Geneva Cooper, one of the first African-American librarians in Memphis, passed away Tuesday morning. She was 103.
Ms. Cooper worked at the Vance Avenue Branch starting in 1947. The library was renamed the Cornelia Crenshaw Memorial Library in honor of community activist Cornelia Crenshaw in October 1997.
Honored as a “Living Legend” by New Sardis Missionary Baptist church in 2016, Ms. Cooper fondly remembers the facility as being more than a library. It became a refuge to the many black students and adults who came.
The library had a very complete line of past and modern Black History. Ms. Geneva and others provided adult education and literacy classes. Groups met for classes and there were even programs for children. The entire Education Connection Program, as it was called, operated out of Vance.
After 30 years, Ms. Cooper retired in 1977. She served as branch director for 10 years.
Ms. Cooper never married or had children. The entire community became her family. Ms. Cooper worshipped at First Baptist Church Chelsea, where she was baptized in 1914.
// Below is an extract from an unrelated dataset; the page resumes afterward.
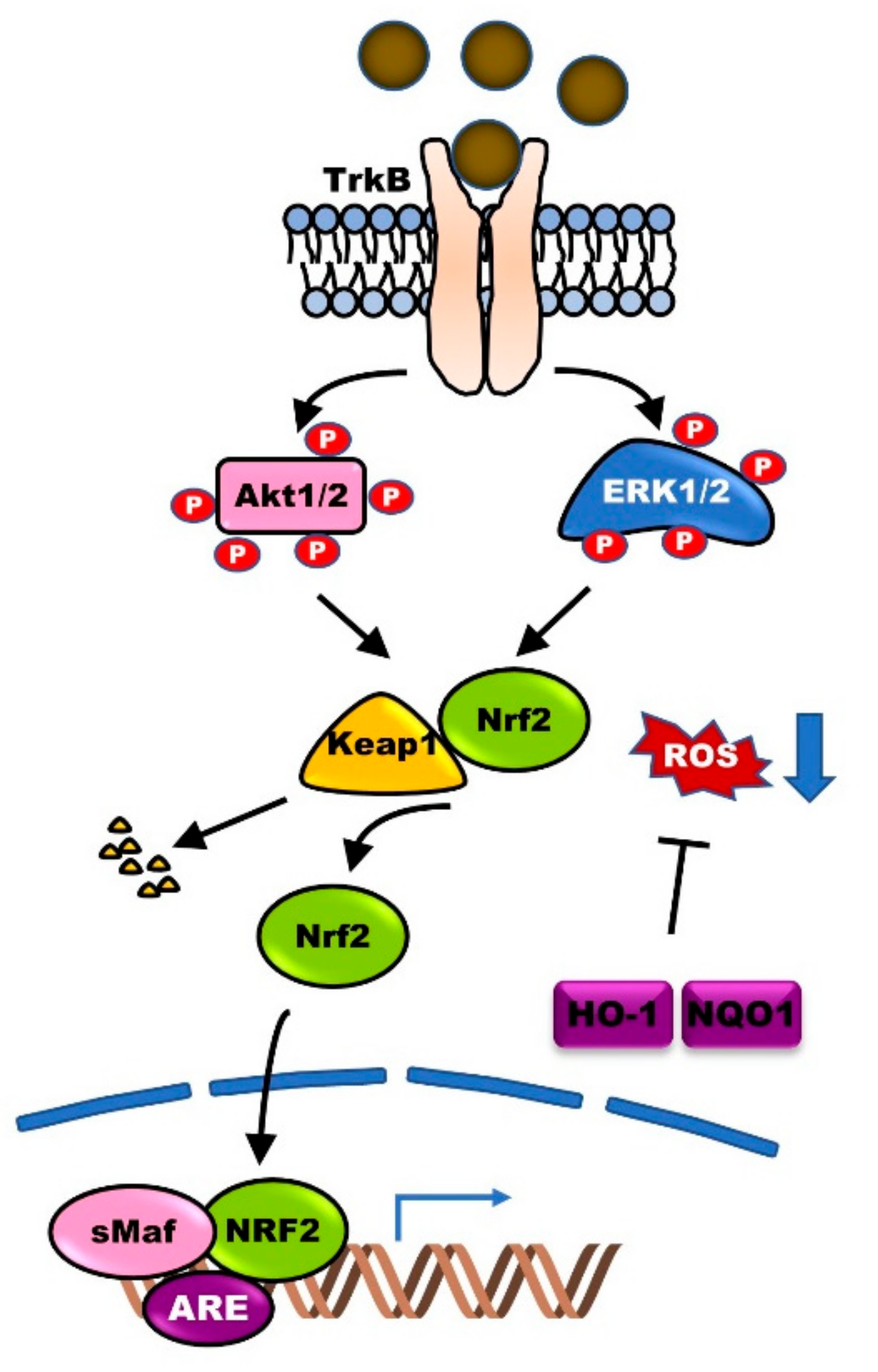 JCM Free Full Text Regulation Of BDNF TrkB Signaling And Potential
In December 2013, at the age of 99, she was featured in The Commercial Appeal’s story titled “9 over 90.” The article celebrated nine women who were still active in their churches and communities.
A librarian, teacher, mentor and community leader, Ms. Geneva Cooper readily acknowledged that she had been blessed with longevity and a rich, rewarding life.
(The information for this story was drawn from the Memphis Living Legends presentation of Ms. Geneva Cooper.)